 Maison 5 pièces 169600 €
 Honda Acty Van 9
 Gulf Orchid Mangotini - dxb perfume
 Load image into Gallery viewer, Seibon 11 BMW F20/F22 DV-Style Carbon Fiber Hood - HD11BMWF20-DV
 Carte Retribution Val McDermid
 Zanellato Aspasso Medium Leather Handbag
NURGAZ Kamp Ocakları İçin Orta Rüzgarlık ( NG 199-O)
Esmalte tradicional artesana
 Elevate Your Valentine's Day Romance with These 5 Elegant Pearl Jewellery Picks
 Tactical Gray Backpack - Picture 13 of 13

====================

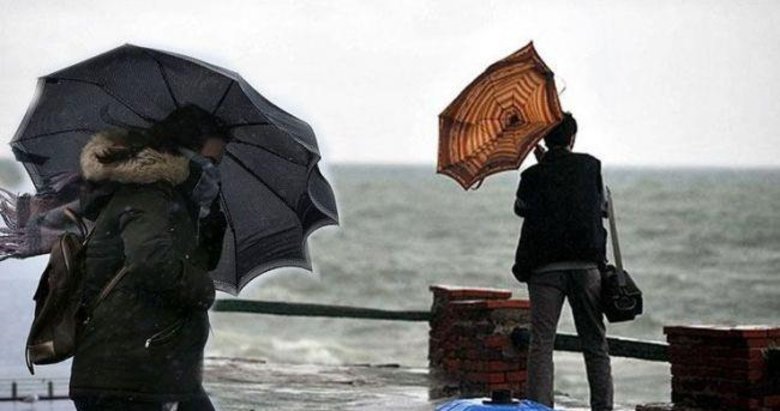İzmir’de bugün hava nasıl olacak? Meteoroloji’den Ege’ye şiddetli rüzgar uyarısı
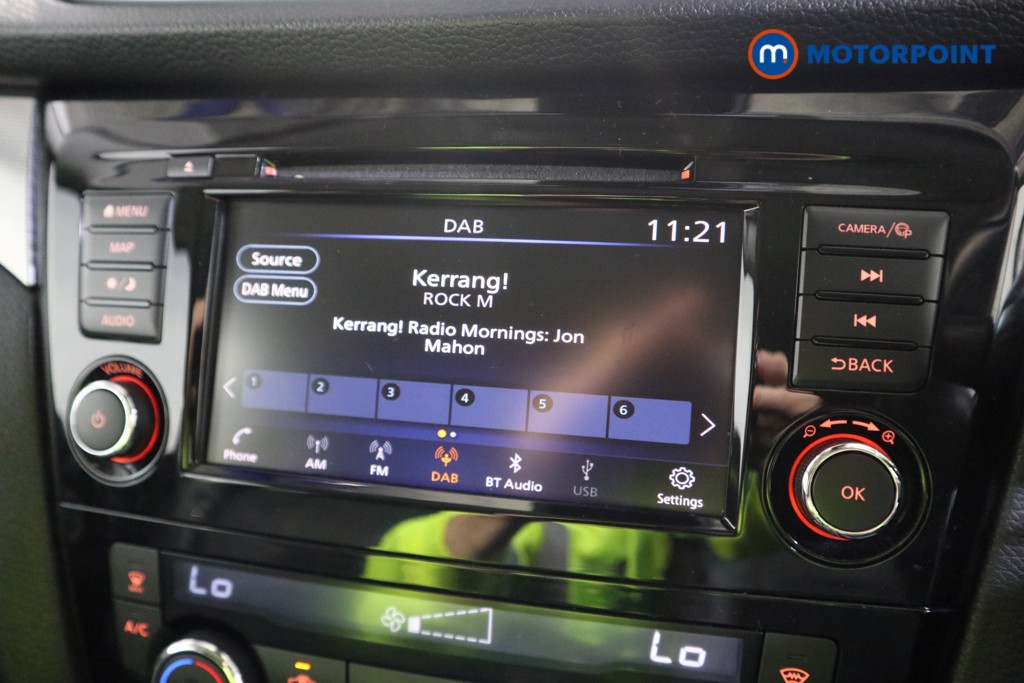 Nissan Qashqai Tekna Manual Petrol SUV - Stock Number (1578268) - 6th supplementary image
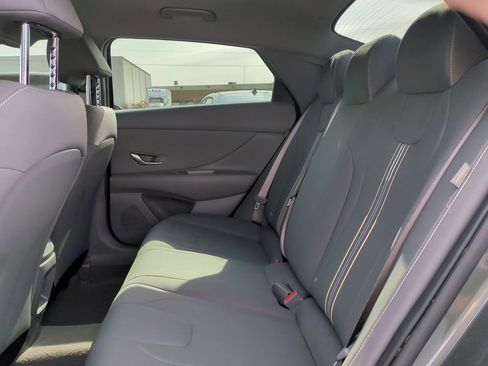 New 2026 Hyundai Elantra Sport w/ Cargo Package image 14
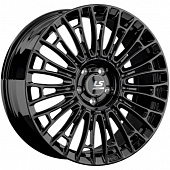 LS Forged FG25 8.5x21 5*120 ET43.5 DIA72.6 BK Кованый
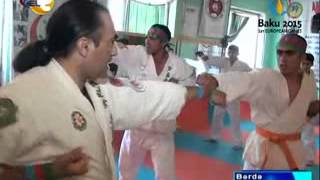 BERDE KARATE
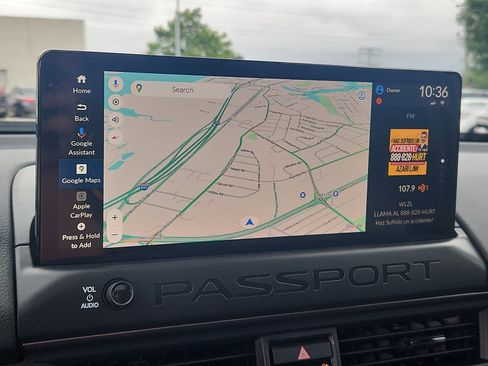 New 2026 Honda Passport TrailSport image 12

====================

From the records above, repeat exactly the lines from the one with "Maison 5 pièces 169600 €" through the one with "Tactical Gray Backpack - Picture 13 of 13", both included.

— Your response —
 Maison 5 pièces 169600 €
 Honda Acty Van 9
 Gulf Orchid Mangotini - dxb perfume
 Load image into Gallery viewer, Seibon 11 BMW F20/F22 DV-Style Carbon Fiber Hood - HD11BMWF20-DV
 Carte Retribution Val McDermid
 Zanellato Aspasso Medium Leather Handbag
NURGAZ Kamp Ocakları İçin Orta Rüzgarlık ( NG 199-O)
Esmalte tradicional artesana
 Elevate Your Valentine's Day Romance with These 5 Elegant Pearl Jewellery Picks
 Tactical Gray Backpack - Picture 13 of 13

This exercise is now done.